The popular youth culture magazine Dazed & Confused has announced that they are changing their strategy for 2014. First, they plan to decrease the number of print issues to 6, and instead, focus towards increasing their online audience and mobile.
“People are changing their reading habits,” said Jefferson Hack, editorial director and founder of Dazed Group. “Now, mobile is in people’s hands every day and they are getting their news and fix of culture from a mix of media. So, the print magazine has to become something more than it was. It has to become a printed manifesto and make a radical statement with more elaborate photography and more inspiring content. It has to be collectable and set the agenda.”
Like other youth titles that understand the shifting patterns of new information and distribution among a new youth culture such as i-D and Vice, changing the strategy to online, and mobile, as well as pumping up short videos is an important part of staying relevant and leading-edge. The print aspect of the title is now living within the digital realm rather than the other way around.

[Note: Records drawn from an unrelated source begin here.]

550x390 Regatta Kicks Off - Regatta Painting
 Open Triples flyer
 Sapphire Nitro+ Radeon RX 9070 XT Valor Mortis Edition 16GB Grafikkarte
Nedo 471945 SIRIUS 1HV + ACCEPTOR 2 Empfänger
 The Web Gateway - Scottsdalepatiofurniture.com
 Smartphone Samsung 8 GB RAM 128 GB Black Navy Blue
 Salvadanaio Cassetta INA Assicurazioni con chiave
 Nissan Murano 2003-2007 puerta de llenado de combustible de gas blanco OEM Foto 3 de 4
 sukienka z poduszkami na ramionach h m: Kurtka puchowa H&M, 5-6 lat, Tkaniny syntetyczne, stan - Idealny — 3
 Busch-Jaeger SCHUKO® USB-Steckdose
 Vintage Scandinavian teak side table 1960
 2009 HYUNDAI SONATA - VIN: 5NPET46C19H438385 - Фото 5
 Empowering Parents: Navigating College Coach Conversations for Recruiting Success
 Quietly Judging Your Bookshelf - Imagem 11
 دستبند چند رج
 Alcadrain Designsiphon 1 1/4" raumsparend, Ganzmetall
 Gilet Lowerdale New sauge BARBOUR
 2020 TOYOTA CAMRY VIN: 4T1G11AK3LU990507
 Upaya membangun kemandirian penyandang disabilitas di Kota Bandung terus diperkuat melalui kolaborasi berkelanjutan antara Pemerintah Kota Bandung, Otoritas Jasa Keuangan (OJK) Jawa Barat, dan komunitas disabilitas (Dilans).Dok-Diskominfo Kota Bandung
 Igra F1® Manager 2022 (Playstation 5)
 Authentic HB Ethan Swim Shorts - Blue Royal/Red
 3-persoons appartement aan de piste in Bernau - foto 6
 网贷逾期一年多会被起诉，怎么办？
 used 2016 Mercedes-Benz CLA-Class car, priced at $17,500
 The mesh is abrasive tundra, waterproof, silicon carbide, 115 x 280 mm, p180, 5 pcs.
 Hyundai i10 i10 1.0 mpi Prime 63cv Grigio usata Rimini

Dazed’s website called DazedDigital.com has increased traffic to now 787,000 monthly unique visitors with ad revenue up 31% in the last year.
Hack said, “We focused on fine-tuning the storytelling, strengthening the Dazed point of view and providing more insight in each of the articles. Tim Noakes, Dazed’s editor-in-chief, and Robbie Spencer, Dazed’s fashion director, hired a new team, specifically to work across print and digital, and they have secured more focused fashion coverage and global cultural exclusives. Another key driver was the focus on news and breaking stories of specific interest to our audience. The investment in the team and synergy across editorial and social media, working as one voice, has also been key to successfully driving audience engagement and interest.”
“We have finally moved from being a print publisher to being a digital-first publisher,” said Hack. “Print is still a massive part of our business, but we think of it as existing in a digital paradigm.”
In November, Dazed Group started a program called Visionaries which features a weekly video of longer interviews with key cultural icons ranging from James Franco to Bjork to Warp Records.
Dazed & Confused’s new direction is indicative of the changing patterns of the audience towards cultural information. Understanding how to integrate across a variety of media platforms is the key to success moving forward.